# TASK TO COMPLETE:
Retype, word for word, every line of the records below starting at the one that contains "경북 구미시 상모동 박정희" and ending at the one that contains "2025 Ram 2500"; include both of those lines and nothing more.

# DATA TO PROCESS:
§

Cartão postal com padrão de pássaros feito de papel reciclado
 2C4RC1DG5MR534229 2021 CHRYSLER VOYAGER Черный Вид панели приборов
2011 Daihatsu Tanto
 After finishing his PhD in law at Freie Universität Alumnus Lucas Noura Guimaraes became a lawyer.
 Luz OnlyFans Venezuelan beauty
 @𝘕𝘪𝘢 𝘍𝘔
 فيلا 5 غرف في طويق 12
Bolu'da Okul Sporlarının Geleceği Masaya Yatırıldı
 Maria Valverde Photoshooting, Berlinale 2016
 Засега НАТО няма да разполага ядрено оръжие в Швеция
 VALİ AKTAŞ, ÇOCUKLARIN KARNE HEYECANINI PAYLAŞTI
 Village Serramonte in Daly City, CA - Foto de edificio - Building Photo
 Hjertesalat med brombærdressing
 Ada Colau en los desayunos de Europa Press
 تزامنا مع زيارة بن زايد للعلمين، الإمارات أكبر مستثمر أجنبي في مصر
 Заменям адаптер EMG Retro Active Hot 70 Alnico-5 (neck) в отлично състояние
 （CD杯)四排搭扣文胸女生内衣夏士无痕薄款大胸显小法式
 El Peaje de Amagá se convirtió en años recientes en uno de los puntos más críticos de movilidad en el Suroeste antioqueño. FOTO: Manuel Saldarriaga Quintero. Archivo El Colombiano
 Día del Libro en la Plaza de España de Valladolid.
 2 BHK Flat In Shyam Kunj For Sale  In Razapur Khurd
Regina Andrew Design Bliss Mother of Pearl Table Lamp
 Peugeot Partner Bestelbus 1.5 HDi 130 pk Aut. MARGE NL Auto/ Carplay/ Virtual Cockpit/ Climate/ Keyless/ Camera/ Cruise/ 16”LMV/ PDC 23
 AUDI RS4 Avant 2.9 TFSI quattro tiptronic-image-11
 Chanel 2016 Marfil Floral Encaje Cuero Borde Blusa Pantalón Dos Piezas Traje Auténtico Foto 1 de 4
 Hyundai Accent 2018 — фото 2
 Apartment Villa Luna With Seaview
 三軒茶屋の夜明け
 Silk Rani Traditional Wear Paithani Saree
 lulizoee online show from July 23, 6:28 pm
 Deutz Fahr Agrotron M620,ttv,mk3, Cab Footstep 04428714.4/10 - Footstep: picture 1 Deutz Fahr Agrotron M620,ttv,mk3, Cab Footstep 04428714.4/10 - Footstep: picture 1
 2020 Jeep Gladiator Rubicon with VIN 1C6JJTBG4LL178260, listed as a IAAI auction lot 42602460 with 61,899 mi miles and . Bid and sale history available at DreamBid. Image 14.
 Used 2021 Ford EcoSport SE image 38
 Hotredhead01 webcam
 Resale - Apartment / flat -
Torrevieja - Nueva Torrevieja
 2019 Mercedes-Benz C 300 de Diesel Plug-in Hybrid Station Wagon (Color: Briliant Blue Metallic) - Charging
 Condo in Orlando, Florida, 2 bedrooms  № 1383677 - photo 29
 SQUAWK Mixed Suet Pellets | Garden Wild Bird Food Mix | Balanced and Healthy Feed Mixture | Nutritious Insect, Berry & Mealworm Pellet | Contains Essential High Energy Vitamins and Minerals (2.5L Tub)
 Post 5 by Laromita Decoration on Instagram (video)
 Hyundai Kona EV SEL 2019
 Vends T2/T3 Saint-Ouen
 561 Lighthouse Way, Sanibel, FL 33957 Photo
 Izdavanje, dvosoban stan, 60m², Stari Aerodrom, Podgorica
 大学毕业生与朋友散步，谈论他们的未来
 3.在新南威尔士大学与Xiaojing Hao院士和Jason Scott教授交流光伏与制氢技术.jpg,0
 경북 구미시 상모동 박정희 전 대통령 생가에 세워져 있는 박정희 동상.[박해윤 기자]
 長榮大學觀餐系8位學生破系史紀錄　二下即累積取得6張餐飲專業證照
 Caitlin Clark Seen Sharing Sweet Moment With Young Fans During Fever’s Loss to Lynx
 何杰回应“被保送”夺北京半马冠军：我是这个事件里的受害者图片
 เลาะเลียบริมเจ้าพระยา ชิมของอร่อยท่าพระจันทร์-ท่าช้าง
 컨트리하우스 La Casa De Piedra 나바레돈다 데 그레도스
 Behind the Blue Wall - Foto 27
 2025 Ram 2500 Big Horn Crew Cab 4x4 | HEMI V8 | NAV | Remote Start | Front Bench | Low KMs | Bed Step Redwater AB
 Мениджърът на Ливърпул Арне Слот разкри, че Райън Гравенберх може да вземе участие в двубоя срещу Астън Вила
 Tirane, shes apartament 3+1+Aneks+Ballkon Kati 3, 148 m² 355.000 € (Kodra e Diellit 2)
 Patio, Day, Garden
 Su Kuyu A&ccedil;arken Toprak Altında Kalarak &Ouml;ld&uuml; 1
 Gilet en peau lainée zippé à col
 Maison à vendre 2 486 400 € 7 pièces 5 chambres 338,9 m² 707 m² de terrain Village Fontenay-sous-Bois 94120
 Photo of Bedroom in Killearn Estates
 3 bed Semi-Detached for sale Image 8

§

# EXERCISE OUTPUT:
 경북 구미시 상모동 박정희 전 대통령 생가에 세워져 있는 박정희 동상.[박해윤 기자]
 長榮大學觀餐系8位學生破系史紀錄　二下即累積取得6張餐飲專業證照
 Caitlin Clark Seen Sharing Sweet Moment With Young Fans During Fever’s Loss to Lynx
 何杰回应“被保送”夺北京半马冠军：我是这个事件里的受害者图片
 เลาะเลียบริมเจ้าพระยา ชิมของอร่อยท่าพระจันทร์-ท่าช้าง
 컨트리하우스 La Casa De Piedra 나바레돈다 데 그레도스
 Behind the Blue Wall - Foto 27
 2025 Ram 2500 Big Horn Crew Cab 4x4 | HEMI V8 | NAV | Remote Start | Front Bench | Low KMs | Bed Step Redwater AB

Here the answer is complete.